How to create `DataFrame` from using NamedTuple keys as column names

I have a function that returns a NamedTuple with 7 entries. The names are obviously Symbols and the entries are Int64. As this function is run many times, I would like to store the returned data as rows in a DataFrame, but I am having trouble creating a DataFrame to begin with.

Here is a MWE

  using DataFrames
    ntd = (A = 2, B = 3, C = 4)   
    DataFrame(keys(ntd)) ## OR
    DataFrame(String.(keys(ntd)))

which results in error
ERROR: ArgumentError: 'NTuple{7,Symbol}' iterates 'Symbol' values, which don't satisfy the Tables.jl Row-iterator interface

I know this I can manually construct the DataFrame by typing in my column names but is there a way to do this programtically?

Should’ve searched Google some more. I found the answer.

dfnames = [keys(nt)...]
DataFrame([Int64 for i = 1:7], dfnames, 0)

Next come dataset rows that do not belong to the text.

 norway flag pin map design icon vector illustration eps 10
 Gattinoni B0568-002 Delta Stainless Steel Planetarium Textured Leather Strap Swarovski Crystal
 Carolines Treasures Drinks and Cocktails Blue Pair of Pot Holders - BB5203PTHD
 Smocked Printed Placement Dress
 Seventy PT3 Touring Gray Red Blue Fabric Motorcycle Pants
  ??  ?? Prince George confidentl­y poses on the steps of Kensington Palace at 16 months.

where nt is my NamedTuple.

Even easiert: DataFrame([ntd]).

2 Likes

You do not have to initialize a DataFrame with columns in this case. You can push! a NamedTuple even to a DataFrame without columns. E.g.

df = DataFrame()
push!(df, (a=1,b=2))
push!(df, (a=3,b=4))

just works.

The only case when you would need this is when you expect values of heterogeneous types in columns (in which case a NamedTuple will have an overly narrow type the first time you push! it to a DataFrame). In this case you can use a constructor expecting a vector of types and a vector of column names, e.g. ataFrame([Int, Float64], [:a, :b]).

2 Likes

Thanks. Infact, the columns are heterogeneous in data so just constructing an empty DataFrame didn’t work for me.